> **GOAL OF THE EXERCISE**: The reply is to be the lines from the one with "When your provider" through the last line of the records below, each retyped exactly, with pictures left out.

> **GIVEN RECORDS**:
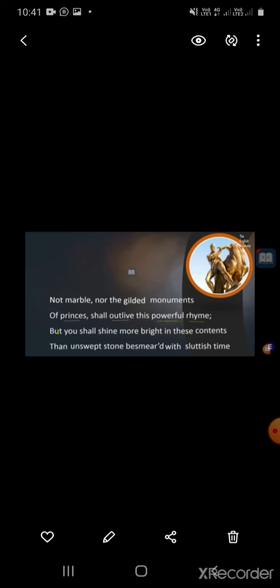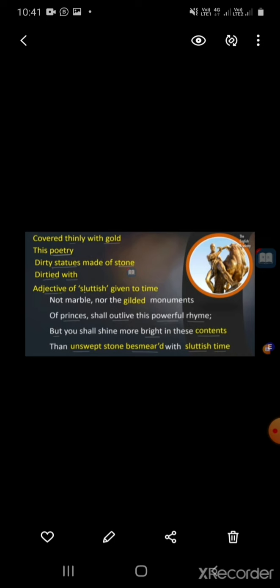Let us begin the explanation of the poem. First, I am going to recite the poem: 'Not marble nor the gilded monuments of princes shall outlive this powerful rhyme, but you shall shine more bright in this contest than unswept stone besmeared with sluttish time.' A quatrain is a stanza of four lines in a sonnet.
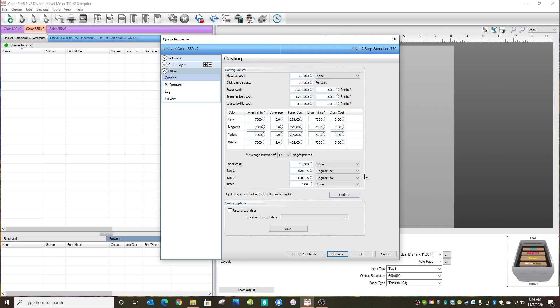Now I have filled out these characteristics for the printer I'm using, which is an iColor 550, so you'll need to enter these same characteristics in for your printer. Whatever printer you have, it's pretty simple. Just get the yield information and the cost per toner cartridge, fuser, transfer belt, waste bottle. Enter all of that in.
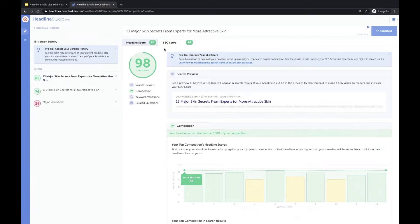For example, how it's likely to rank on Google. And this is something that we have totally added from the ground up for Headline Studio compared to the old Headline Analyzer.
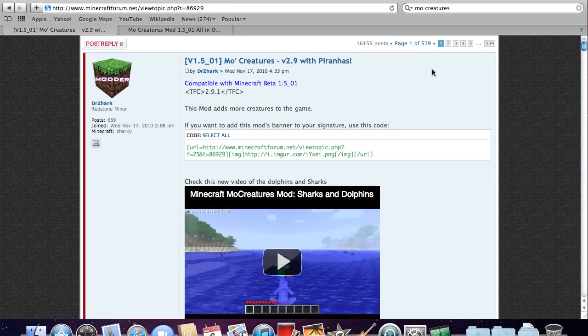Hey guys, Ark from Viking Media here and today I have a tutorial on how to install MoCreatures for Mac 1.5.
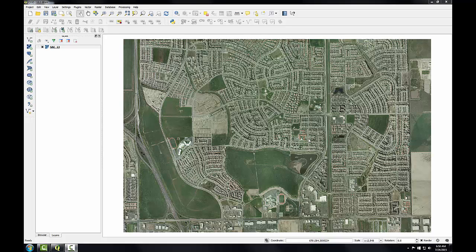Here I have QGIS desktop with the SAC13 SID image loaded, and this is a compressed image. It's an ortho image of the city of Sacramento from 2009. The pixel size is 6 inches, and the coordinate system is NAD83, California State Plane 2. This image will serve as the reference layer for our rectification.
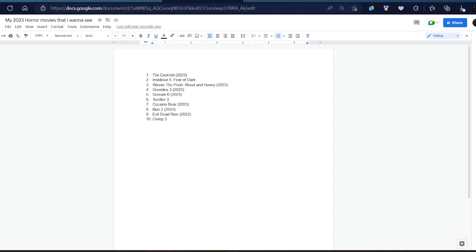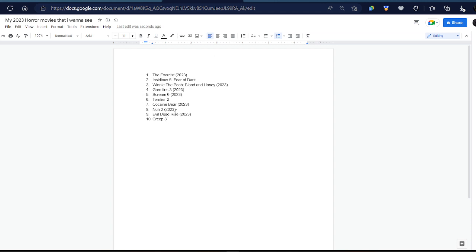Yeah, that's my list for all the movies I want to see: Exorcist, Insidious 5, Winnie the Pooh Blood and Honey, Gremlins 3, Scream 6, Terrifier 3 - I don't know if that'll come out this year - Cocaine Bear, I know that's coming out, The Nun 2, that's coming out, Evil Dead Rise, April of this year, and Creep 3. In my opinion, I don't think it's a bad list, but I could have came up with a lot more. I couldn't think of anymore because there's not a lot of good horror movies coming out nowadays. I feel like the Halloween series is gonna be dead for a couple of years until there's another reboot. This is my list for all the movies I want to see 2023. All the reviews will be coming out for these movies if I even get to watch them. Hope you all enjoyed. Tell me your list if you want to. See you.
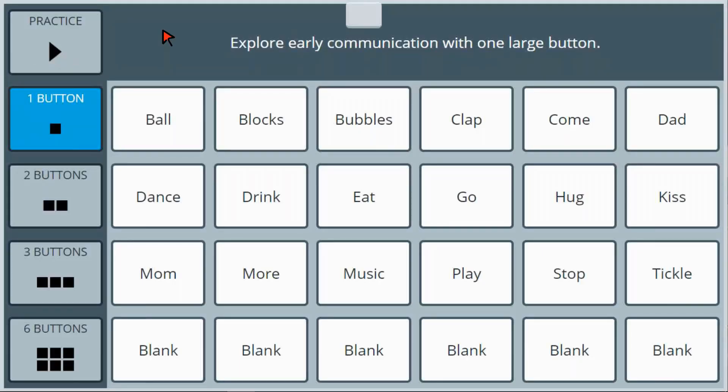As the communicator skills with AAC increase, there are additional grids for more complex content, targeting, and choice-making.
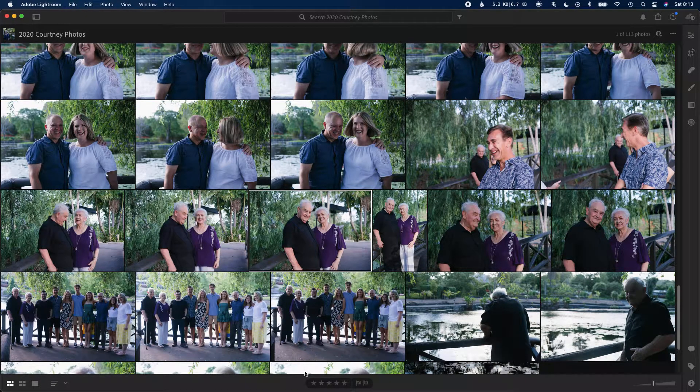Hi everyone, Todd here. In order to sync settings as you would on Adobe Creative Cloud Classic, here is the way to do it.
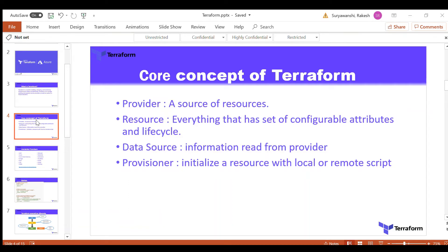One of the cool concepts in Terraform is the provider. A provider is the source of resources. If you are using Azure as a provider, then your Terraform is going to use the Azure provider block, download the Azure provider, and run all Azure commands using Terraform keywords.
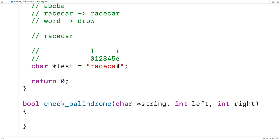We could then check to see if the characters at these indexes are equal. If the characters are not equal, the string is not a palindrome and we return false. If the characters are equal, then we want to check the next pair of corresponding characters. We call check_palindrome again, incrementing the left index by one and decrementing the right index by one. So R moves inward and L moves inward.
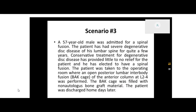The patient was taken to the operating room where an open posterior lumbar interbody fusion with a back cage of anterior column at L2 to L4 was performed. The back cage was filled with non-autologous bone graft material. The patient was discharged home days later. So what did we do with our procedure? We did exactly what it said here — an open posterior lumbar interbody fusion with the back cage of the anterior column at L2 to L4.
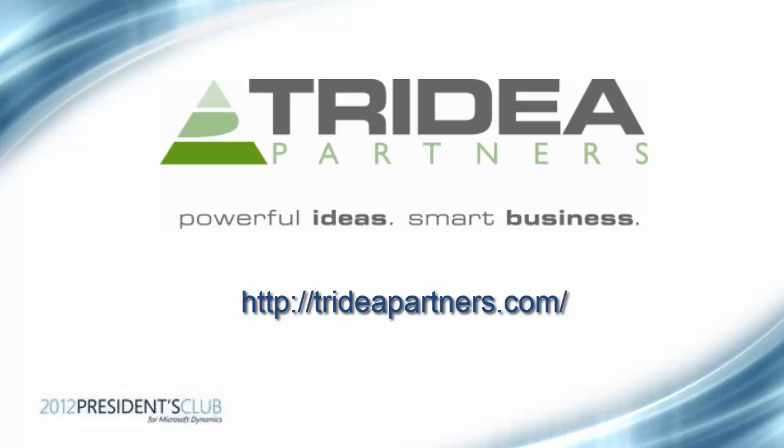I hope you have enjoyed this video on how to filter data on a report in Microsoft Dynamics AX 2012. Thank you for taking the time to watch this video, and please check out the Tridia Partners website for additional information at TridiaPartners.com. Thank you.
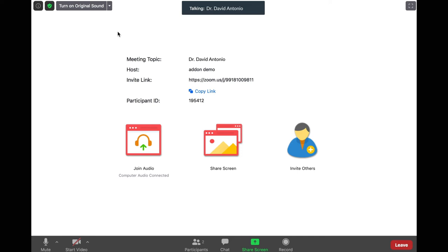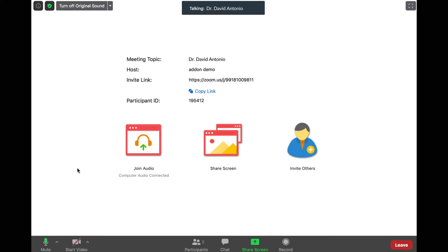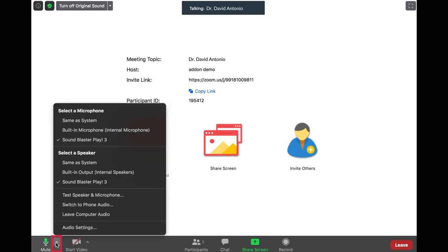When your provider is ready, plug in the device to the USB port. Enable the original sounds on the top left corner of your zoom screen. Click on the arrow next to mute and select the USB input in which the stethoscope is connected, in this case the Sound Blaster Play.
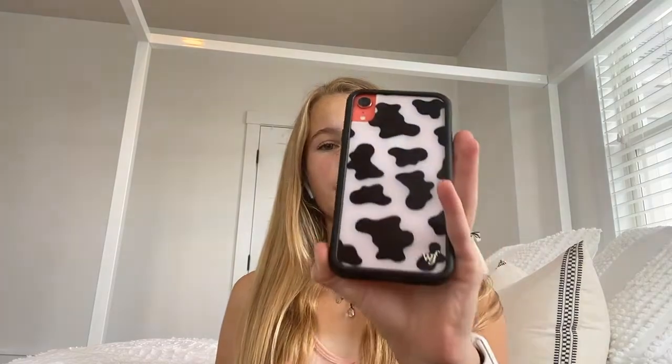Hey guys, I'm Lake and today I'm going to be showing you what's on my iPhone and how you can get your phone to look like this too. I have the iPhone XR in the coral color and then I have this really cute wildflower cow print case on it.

> **ANSWER TO THIS PROBLEM**:
When your provider is ready, plug in the device to the USB port. Enable the original sounds on the top left corner of your zoom screen. Click on the arrow next to mute and select the USB input in which the stethoscope is connected, in this case the Sound Blaster Play.
Hey guys, I'm Lake and today I'm going to be showing you what's on my iPhone and how you can get your phone to look like this too. I have the iPhone XR in the coral color and then I have this really cute wildflower cow print case on it.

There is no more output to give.